AMM
Uncovered Correspondence: a Postcard from Jasło
Matchless MRCD78
Some would argue that comfort is the last thing improvised music should give the listener; Eddie Prévost and John Tilbury would most probably concur. However, Uncovered Correspondence: a Postcard from Jasło is bafflingly comforting; not because it is bucolic, even though the ratio of cool calm passages to robust clangor is higher than usual on AMM’s recordings, but because the percussionist and the pianist have such a dependably refined and complementary rapport. This stands out more than usual because this concert recording is AMM’s first album since 2006’s that mysterious forest below London Bridge (Matchless) to feature Prévost and Tilbury as a duo.
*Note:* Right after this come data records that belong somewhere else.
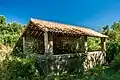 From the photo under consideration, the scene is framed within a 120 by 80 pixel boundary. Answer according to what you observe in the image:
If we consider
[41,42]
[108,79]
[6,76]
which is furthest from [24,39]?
[108,79]

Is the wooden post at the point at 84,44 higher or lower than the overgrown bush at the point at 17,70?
higher

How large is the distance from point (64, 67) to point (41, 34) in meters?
4.33

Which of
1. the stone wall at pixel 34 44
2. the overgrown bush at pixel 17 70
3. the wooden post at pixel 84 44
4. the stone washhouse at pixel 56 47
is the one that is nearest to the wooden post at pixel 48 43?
the stone washhouse at pixel 56 47

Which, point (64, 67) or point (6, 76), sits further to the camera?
point (64, 67)

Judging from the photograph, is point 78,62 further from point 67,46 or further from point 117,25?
point 117,25

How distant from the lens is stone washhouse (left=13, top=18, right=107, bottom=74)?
638 inches

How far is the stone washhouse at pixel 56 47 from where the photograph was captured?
16203 millimetres

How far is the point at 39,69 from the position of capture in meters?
→ 15.9

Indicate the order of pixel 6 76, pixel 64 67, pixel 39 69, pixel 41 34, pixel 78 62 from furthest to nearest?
pixel 41 34
pixel 78 62
pixel 64 67
pixel 39 69
pixel 6 76

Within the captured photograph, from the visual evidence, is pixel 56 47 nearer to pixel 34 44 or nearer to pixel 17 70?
pixel 34 44

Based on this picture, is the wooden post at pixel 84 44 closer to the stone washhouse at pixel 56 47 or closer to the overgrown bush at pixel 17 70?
the stone washhouse at pixel 56 47

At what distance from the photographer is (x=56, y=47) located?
72.8 ft

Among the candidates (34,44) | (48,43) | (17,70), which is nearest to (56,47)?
(34,44)

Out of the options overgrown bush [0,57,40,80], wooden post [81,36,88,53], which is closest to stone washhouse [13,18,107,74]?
wooden post [81,36,88,53] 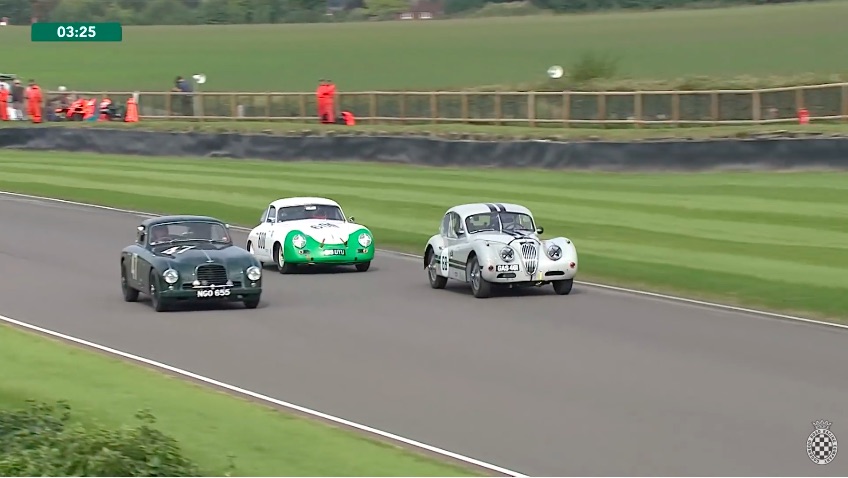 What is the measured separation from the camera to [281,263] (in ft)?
77.0

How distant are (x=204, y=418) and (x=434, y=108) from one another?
3846 cm

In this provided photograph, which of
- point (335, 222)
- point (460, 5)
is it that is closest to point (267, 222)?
point (335, 222)

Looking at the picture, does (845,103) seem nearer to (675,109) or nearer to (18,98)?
(675,109)

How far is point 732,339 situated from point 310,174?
23760 millimetres

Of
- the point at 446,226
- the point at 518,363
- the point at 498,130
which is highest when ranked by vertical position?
the point at 498,130

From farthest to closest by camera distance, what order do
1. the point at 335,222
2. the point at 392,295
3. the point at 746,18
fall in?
the point at 746,18, the point at 335,222, the point at 392,295

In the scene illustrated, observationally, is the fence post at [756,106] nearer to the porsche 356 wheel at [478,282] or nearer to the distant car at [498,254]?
the distant car at [498,254]

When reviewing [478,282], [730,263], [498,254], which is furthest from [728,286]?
[478,282]

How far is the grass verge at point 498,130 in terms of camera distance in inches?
1357

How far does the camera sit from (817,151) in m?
31.9

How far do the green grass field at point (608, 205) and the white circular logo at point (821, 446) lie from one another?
6.83 meters

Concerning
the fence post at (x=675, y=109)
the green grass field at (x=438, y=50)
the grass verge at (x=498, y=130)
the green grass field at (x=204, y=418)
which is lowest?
the green grass field at (x=204, y=418)

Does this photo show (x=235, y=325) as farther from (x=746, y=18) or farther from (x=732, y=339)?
(x=746, y=18)

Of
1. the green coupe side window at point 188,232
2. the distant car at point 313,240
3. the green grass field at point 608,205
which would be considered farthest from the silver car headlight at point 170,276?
the green grass field at point 608,205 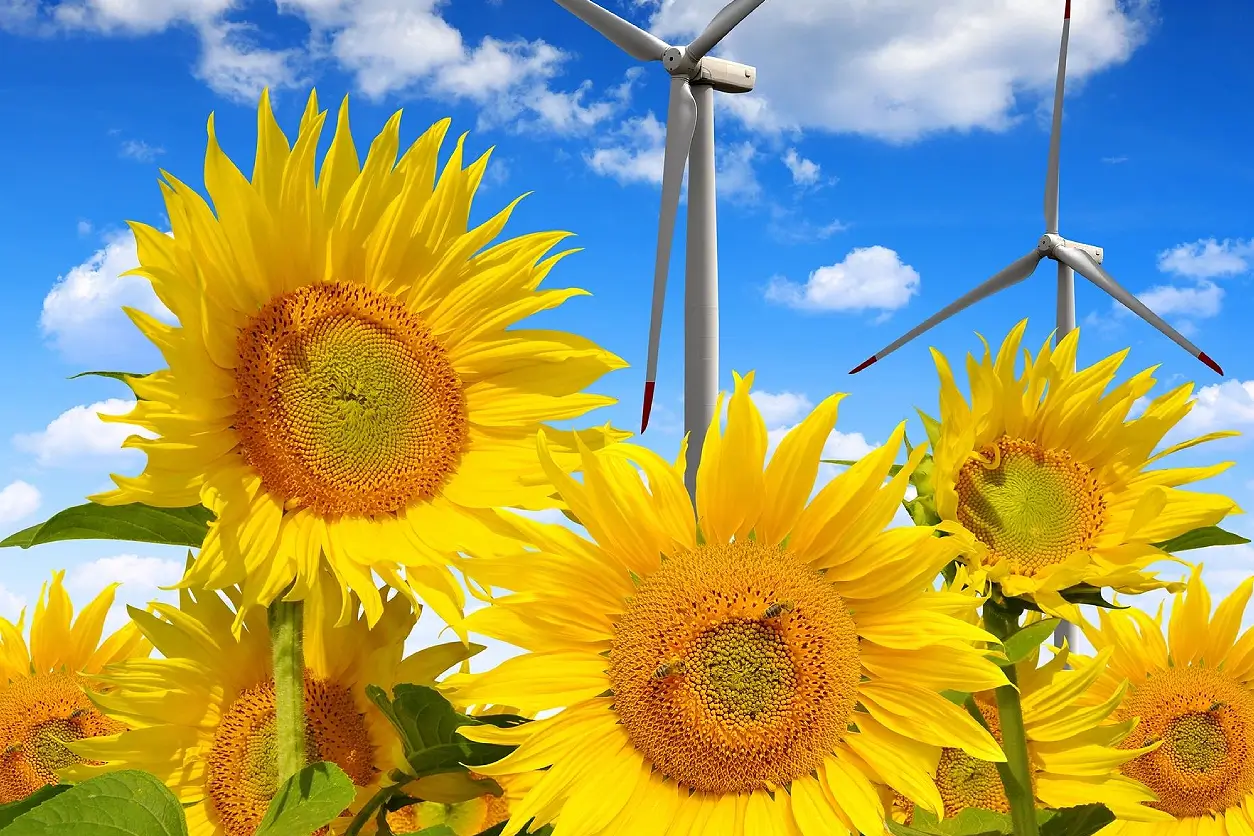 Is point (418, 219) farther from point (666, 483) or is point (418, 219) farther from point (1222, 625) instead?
point (1222, 625)

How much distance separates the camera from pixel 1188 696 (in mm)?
4215

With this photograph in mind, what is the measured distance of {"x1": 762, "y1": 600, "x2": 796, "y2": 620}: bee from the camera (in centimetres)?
214

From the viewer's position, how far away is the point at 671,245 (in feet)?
33.7

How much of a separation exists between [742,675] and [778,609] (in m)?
0.16

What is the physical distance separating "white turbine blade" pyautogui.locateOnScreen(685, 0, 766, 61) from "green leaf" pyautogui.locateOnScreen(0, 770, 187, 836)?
10.6 meters

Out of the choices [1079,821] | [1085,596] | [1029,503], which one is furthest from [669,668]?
[1029,503]

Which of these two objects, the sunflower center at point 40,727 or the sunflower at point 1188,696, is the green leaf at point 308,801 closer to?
the sunflower center at point 40,727

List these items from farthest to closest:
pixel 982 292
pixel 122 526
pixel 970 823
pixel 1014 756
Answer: pixel 982 292 < pixel 970 823 < pixel 1014 756 < pixel 122 526

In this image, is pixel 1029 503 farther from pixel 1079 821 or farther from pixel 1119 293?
pixel 1119 293

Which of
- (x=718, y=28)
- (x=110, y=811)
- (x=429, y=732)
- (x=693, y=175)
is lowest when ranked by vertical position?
(x=110, y=811)

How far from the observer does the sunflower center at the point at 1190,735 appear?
13.6ft

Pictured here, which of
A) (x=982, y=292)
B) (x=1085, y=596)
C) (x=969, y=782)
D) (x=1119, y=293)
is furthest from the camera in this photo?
(x=982, y=292)

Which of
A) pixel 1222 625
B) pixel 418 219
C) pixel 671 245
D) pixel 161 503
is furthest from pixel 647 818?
pixel 671 245

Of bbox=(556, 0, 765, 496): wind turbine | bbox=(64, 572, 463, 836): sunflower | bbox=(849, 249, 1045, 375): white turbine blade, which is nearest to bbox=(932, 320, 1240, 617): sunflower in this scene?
bbox=(64, 572, 463, 836): sunflower
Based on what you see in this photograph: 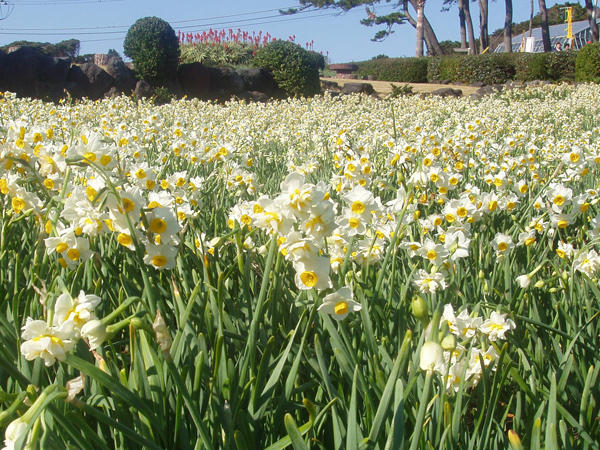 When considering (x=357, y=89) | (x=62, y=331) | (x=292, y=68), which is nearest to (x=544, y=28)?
(x=357, y=89)

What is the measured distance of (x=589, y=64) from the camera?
69.9 feet

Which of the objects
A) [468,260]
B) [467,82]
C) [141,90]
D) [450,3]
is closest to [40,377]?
[468,260]

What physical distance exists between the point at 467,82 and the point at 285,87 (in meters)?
12.0

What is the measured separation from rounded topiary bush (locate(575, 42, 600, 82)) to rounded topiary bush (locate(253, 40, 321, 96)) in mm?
11342

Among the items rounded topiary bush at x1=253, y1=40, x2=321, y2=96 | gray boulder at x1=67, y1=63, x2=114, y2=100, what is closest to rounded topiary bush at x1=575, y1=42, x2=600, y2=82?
rounded topiary bush at x1=253, y1=40, x2=321, y2=96

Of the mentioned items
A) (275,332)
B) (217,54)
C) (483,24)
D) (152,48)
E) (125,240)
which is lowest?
(275,332)

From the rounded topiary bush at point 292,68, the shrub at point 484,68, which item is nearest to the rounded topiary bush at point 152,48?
the rounded topiary bush at point 292,68

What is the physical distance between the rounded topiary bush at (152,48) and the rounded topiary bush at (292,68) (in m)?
3.49

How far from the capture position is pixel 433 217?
2.21 metres

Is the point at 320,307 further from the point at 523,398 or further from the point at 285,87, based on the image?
the point at 285,87

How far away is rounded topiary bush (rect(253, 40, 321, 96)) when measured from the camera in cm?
1812

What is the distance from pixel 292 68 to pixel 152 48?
4.70 m

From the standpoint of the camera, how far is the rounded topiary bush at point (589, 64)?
69.3ft

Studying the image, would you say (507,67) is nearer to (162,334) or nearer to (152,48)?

This rapport certainly didn’t evaporate on 08’s Trinity and 09’s Sounding Music (also on Matchless) that included adjuncts like John Butcher Christian Wolff and Ute Kanngiesser, but was instead absorbed in the larger ensembles. Isolated, Prévost and Tilbury’s emphasis on tone color and decay does not simply base-coat the music – it is the music in the main. Much the same was repeatedly said of AMM during Keith Rowe’s long tenure, but there seems to be something approaching a fundamental shift in AMM’s agenda since the noise-privileging guitarist’s departure – a new regard for beauty, though not in an ordinary sense of the word. Each of the three “Paragraphs” (the presumably Cardew-inspired designation of structure folds neatly into the correspondence theme) has exquisite moments where the chiming quality of Tilbury’s spare keyboarding dovetails with the more spectral timbres produced in the piano’s interior (he is always impressively nimble at producing roughly antiphonal exchanges with himself) or the metallic sheen of Prévost’s bowed cymbals. Not all of these passages simply hover in the stillness of the hushed concert hall; the album ends with a surprising and affecting outpouring before slipping into silence. While there is nothing dilutive or simplified about Uncovered Correspondence: a Postcard from Jasło, it is the most inviting album AMM has ever made.